Opinion: Should Nintendo enter the mobile phone market?

Features Damien McFerran 13:27, 19 Dec 2011

The House that Mario built is on rocky ground right now, but does that mean it should enter the mobile phone arena? Damien McFerran investigates

There once was a time when portable gaming was associated almost exclusively with Nintendo. From the launch of the original monochrome Game Boy in 1989 to the release of the groundbreaking dual-core DS over fifteen years later, this Japanese company effortlessly dominated the arena of handheld gaming.

Then the iPhone happened.

Apple’s device wasn’t intended to be a world-beating gaming device - that was merely a bonus. However, slowly but surely the App Store began to fill with games and developers realised that they could bypass the old-fashioned publishing method and earn thousands using iOS as a platform. The rest is history; iOS has sparked a gold-rush and a new era of experimentation which calls to mind the glory days of the Spectrum and C64.

Where does this leave the previously unstoppable Nintendo? Looking at the firm’s recent financials, it’s not a pretty place. Nintendo posted some depressing figures lately and had to hack down the price of its new 3DS console to kick-start sales. The machine is now selling well, thanks to a combination of the aforementioned reduction and a flood of amazing games, such as Super Mario 3D Land and Mario Kart 7.

Despite the upturn in fortunes, Nintendo still seems to be on the back-foot. Surveys reveal that the aspirations of many children have changed; they want iPhones and iPads now, with the 3DS ranking much further down the wish list.

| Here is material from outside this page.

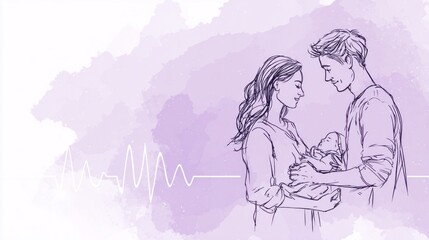 A simple line drawing of mother and father with their baby -World Prematurity Day concept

Nintendo has long claimed that it is not in competition with smartphones, but that argument isn’t really holding water any more. Given that arch rival Sony has dipped a toe into smartphone waters with the Xperia Play, is it now time for Nintendo to consider a move into mobile? Investors seem to think so - they recently said that they’d like the firm to diversify and move into smartphone development.

The market obviously agrees - when it was mistakenly reported that a Nintendo development team was producing an title for iOS and Android, Nintendo’s share prices rose. When the truth came out, the shares quickly dropped again.

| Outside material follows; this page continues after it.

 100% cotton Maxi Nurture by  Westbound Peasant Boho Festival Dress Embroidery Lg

Of course, given Nintendo’s history, it’s unlikely that the Kyoto firm would be happy to develop for a device like the iPhone. The company has traditionally seen hardware and software as a union, not only because it allows for some amazing games, but because it leads to larger profits. If Nintendo did take a step into mobile, it would do so under its own steam, rather than using an existing platform like iOS or Android.